Using the above link as a guideline I put together the following piece of code

// conditionVariableAtomic.cpp

#include <atomic>
#include <condition_variable>
#include <iostream>
#include <thread>
#include <iostream>       // std::cout, std::endl
#include <thread>         // std::this_thread::sleep_for
#include <chrono>         // std::chrono::seconds


std::mutex mutex_;
std::condition_variable condVar;

std::atomic<bool> dataReady{false};

void waitingForWork(){
    int i = 0;
    while (i++ < 10)
    {
        std::cout << "Waiting " << std::endl;
        {
            std::unique_lock<std::mutex> lck(mutex_);
            condVar.wait(lck, []{ return dataReady.load(); });   // (1)
            dataReady = false;
        }
        std::cout << "Running " << std::endl;
        // Do useful work but no critical section.
    }
}

void setDataReady(){
    int i = 0;
    while (i++ < 10)
    {
        std::this_thread::sleep_for (std::chrono::seconds(1));
        dataReady = true;
        std::cout << "Data prepared" << std::endl;
        condVar.notify_one();
    }
}

int main(){
    
  std::cout << std::endl;

  std::thread t1(waitingForWork);
  std::thread t2(setDataReady);

  t1.join();
  t2.join();
  
  std::cout << std::endl;
  
}

I use an atomic predicate to avoid spurious wakeups, but don't use a lock_guard in the notifying thread. My question is:

1. does the above piece of code satisfy the constraints/conditions listed above?
2. I understand that the receiver thread cannot avoid a mutex, hence the need to use std::unique_lock<std::mutex> lck(mutex_); in the receiver. I have however limited the scope of std::unique_lock<std::mutex> lck(mutex_); i.e. put the following section of code

   std::unique_lock<std::mutex> lck(mutex_);
   condVar.wait(lck, []{ return dataReady.load(); });   // (1)
   dataReady = false;
   

   inside a scope block aka { .... } so that the mutex is unlocked as soon as the wait condition is over (the receiver then does some useful work but since there is no critical section, it does not need to hold on to the mutex for the entire while loop). Could there still be consequences/side effects of this limited scoping in this context ? Or does the unique_lock<std::mutex> need to be locked for the entire while loop?

Answer 1

Your code has a race condition. Between checking the value of dataReady in your wait predicate and actually starting the wait, the other thread can set dataReady and call notify_one. In your example this isn't critical as you'll just miss one notify and wake up a second later on the next one.

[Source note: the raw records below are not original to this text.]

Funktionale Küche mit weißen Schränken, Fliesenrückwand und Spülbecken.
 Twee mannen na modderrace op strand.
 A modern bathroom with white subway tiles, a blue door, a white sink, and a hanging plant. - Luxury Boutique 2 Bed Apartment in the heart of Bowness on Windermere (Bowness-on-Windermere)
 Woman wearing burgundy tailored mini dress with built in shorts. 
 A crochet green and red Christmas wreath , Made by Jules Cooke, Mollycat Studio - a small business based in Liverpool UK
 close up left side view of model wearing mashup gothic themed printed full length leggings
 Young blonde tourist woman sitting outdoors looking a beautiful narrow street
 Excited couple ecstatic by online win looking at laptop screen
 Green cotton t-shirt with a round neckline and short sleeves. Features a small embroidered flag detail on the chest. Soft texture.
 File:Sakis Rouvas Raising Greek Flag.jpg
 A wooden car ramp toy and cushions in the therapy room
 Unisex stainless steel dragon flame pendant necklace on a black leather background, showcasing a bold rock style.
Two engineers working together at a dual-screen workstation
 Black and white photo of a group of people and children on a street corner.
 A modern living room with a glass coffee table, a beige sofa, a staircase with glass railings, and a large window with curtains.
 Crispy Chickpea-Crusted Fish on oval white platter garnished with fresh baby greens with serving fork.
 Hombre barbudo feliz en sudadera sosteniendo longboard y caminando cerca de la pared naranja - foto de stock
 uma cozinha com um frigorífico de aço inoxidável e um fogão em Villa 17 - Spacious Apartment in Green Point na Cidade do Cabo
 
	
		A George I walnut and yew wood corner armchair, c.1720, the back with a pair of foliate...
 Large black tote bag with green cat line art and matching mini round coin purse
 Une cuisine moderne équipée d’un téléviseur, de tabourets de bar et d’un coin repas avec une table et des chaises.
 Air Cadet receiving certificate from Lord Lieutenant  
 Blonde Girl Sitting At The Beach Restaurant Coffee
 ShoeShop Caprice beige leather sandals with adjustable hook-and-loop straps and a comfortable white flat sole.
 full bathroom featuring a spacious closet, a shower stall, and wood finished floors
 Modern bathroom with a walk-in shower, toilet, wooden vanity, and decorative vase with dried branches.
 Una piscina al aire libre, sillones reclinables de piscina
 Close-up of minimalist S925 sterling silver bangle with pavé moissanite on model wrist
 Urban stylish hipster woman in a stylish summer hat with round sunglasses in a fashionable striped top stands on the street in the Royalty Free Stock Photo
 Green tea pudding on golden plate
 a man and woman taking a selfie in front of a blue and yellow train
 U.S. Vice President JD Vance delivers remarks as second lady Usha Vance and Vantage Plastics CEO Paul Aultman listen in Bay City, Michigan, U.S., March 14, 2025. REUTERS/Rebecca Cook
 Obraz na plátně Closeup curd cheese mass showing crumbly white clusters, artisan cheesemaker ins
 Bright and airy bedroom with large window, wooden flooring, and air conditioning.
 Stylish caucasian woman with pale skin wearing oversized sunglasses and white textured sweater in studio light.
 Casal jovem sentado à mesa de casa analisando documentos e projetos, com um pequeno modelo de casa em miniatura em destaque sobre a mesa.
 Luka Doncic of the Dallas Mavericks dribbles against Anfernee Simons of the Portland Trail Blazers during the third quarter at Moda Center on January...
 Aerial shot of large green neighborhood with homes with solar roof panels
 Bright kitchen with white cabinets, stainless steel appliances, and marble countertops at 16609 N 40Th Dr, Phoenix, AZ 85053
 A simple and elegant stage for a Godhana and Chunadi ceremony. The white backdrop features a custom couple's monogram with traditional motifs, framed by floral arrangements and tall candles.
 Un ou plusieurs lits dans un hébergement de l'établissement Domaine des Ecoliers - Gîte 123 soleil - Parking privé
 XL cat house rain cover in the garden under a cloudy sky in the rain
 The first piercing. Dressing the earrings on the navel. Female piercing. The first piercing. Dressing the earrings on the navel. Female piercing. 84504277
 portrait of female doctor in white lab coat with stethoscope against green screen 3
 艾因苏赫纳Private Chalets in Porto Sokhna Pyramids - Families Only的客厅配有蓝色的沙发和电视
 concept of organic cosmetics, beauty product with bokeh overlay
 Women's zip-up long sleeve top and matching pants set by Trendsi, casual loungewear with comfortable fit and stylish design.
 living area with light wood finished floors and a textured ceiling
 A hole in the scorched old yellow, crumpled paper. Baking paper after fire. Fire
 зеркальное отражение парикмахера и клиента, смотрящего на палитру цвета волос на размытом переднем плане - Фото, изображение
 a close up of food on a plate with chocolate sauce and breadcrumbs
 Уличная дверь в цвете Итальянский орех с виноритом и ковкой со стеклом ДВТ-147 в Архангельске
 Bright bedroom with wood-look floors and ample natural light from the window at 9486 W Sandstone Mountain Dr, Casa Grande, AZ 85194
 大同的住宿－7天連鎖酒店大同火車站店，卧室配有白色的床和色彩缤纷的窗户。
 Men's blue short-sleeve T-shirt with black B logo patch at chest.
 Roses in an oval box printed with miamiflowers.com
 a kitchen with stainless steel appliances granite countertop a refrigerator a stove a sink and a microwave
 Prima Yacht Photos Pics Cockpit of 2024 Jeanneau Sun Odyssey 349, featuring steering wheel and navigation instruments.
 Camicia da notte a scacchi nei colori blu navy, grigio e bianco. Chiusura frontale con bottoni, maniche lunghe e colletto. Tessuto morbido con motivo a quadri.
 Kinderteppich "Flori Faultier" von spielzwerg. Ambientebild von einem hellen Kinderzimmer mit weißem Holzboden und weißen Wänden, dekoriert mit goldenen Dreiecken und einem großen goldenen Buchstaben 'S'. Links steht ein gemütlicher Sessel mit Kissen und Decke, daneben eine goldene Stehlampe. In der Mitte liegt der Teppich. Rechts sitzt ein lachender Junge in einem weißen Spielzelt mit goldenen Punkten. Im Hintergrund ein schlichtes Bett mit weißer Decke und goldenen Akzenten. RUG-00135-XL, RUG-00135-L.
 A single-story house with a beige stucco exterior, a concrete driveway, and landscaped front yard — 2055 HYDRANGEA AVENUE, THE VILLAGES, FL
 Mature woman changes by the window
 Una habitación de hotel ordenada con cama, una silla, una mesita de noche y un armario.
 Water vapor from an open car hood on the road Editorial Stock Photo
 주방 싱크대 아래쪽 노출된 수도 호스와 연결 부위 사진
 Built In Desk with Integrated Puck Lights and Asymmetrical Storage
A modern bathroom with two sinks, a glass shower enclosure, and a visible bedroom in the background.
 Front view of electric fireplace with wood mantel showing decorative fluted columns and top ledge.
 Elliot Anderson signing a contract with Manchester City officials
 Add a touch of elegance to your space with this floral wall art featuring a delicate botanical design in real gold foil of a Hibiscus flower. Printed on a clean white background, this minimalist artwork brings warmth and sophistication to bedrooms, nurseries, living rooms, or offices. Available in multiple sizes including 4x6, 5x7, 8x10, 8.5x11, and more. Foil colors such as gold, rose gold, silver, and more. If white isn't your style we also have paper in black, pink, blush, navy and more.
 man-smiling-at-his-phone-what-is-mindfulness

Another race condition is that you can set dataReady to true in one thread, set dataReady back to false in the other thread and then call notify_one in the first thread, again this will cause the wait to block for longer than you intended.

You should hold the mutex in both threads when setting dataReady and using the condition variable to avoid these races.

You could avoid the second race condition by using an atomic counter instead of a boolean, incrementing it on one thread then decrementing on the other and in the predicate checking if it is non-zero.